Given records =>
--*--

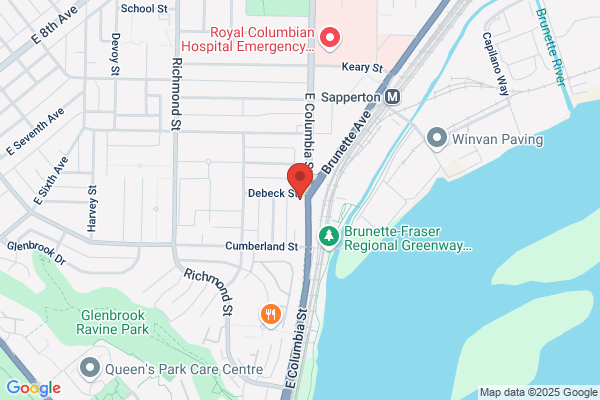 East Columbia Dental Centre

--*--

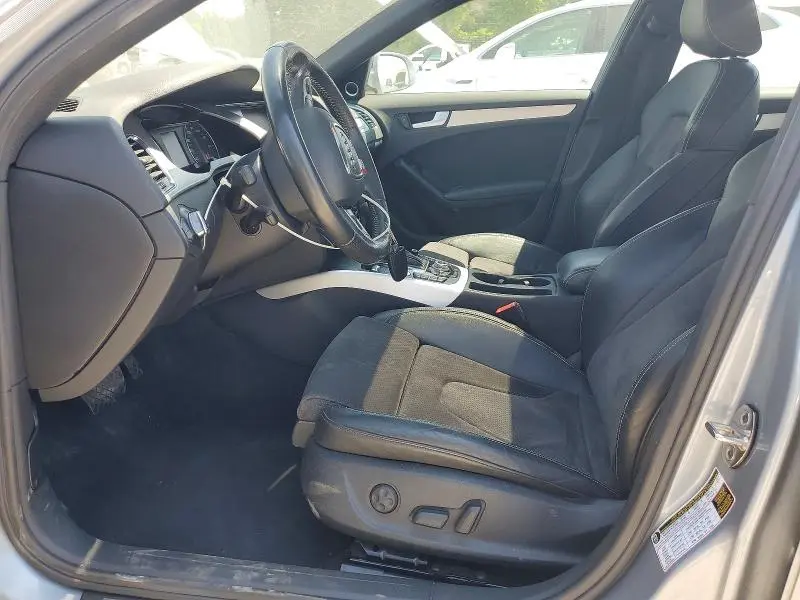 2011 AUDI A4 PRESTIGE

--*--

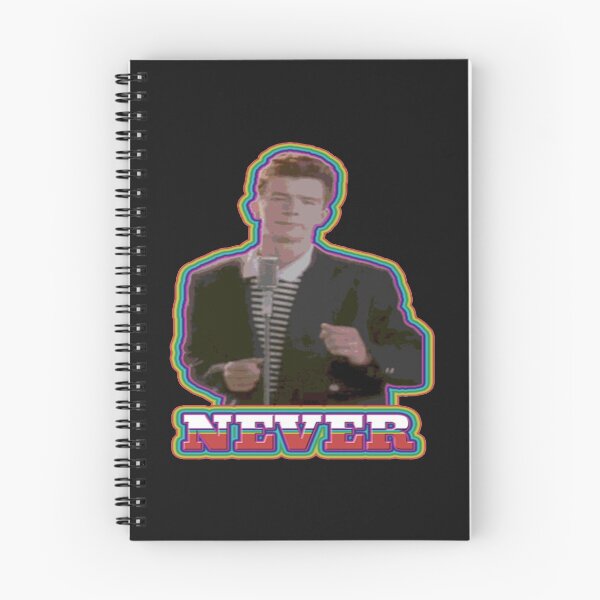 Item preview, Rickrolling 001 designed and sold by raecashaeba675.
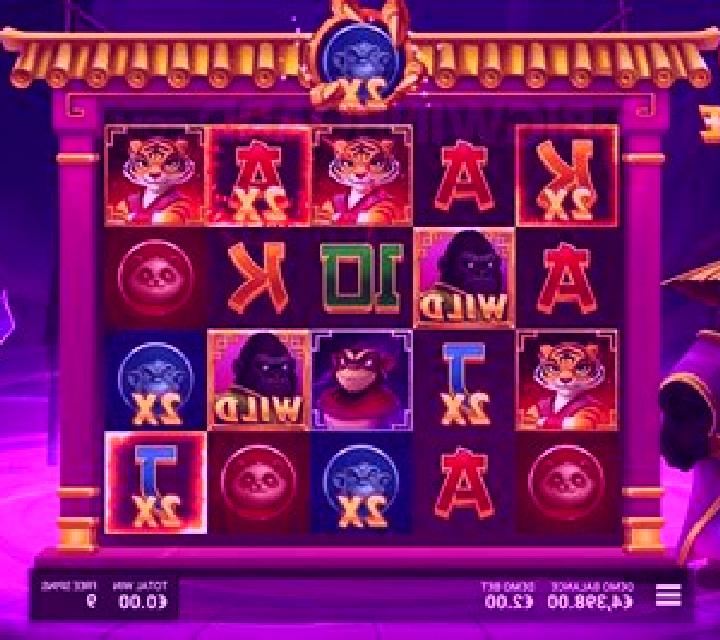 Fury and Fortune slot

--*--

What to work on => Working from the data above, repeat exactly, and only, the lines that begin at the line containing "Item preview, Rickrolling" and stop after the line containing "Fury and Fortune slot"; pictures are not copied.

Solution for this exercise =>
 Item preview, Rickrolling 001 designed and sold by raecashaeba675.
 Fury and Fortune slot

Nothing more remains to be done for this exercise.